Önce Bartın'ın koparıldığı sonra da Karabük'ün il olmasıyla küçülen, daralan, güçsüz bir Zonguldak'tan söz ediyorum.

Zonguldak üçe bölünürken hep şunu savunmuştum. Coğrafi ve ekonomik yönden bu ayrılıklar, yavru illerimizle olan siyasal- sosyal- kültürel bağlarımızın kopamayacağı idi savım.

***

Bu bölünmeyi ekonomik açıdan Zonguldak'ın bugününü hazırlayan bir faktör olarak görüyorum. Bartın hala bir kasaba il benim açımdan. Karabük ise hantallığını aşamadı. Onlar kültürel olarak da, sosyal olarak da, siyaset olarak da Zonguldak'a uzak bir yörelerdi birlikteyken de. Bartın daha canlı, daha yakın, daha bağlı bir görüntü veriyor ayrılığa karşın.

Kültürel-sanatsal etkinliği olan Karabük'ün Zonguldak'la daha da varsıllaşacağını düşünmüştüm hep. Ama o uzak duruş sürüyor hala… Zonguldak 'ZOKEV' vakfıyla kendi yörüngesine oturdu bu alanda…

Aslında Zonguldak, ana ve merkez kent olduğu için bu alanda daha etkin-katılımcı-paylaşımcı bir rol üstlenmeliydi. Ama şimdiye kadar bu da başarılamadı o dönemlerde.

***

Devrek'te yaşarken gerek Baston Festivali aracılığı gerekse il düzeyinde Bartın Kitap Fuarı etkinlikleriyle üç ili birbiriyle daha sıkı fıkı-üreten birlikteliğe özendirmiştim dostlarımla. Şimdi ben bile kopmuş durumdayım. Ne'yi paylaşamamıştık acaba diye soruyorum kendime: Sanıyorum, bireysel nedenlerle ve küçük yerlere özgü bir-takım egolar etkili oldu bunda.
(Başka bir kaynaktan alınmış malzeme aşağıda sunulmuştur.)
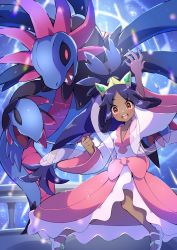 Rule 34 | 1girl, :d, absurdres, arms up, blush, brown eyes, closed eyes, commentary request, creatures (company), dark-skinned female, dark skin, fence, game freak, gen 5 pokemon, happy, highres, hydreigon, iris (pokemon), looking at viewer, nintendo, open mouth, pink skirt, pokemon, pokemon (creature), pokemon bw2, pon yui, ponytail, sandals, skirt, smile, teeth, tiara, toes, tongue, upper teeth only, v-neck, white footwear, white skirt, wide sleeves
Özcesi, Özverili, katılımcı-paylaşımcı olmaktan uzak kişilik ve yapıları da diyebiliriz.

***

Amasra, Zonguldak'ta, Ankara hatta İstanbul'un bir sayfiyesiydi gençlik yıllarımda. ATİ'nin açılmasıyla yitirdiği (Kömür İşletmesi) şöhretini son 15 yılda yeniden kazanmış durumda. Ama Zonguldak, turizmin pek çok değerlerine sahipken Amasra'yı geliştiremedi. Karabük, Safranbolu'yu Dünya Mirası'na armağan etti. Zonguldaklı, da neyimiz eksik diye sorup bunun yanıtını aramalıdır artık…

Kdz. Ereğli'nin Zonguldak'tan kopuk bir görünüm sergilemekte oluşunun farklı ve haklı nedenleri var kuşkusuz. İdari ve politik kaygıları anlarım da; sanat-kültür-edebiyat bağlamındaki bu kopukluk içime sinmiyor. Bu yakınlaşmayı ve birlikteliği sağlamak da bir başka amacıdır ''Yeni Ufuk Gazetesi Sanat Yaprağı'nı (ben yönetmiştim) umuyor ve bekliyorum ki, öncelikle gençlerle beraber bize destek olması en büyük dileğimdir. BUGÜN çöken-göçen ve yalnız bir il ZONGULDAK!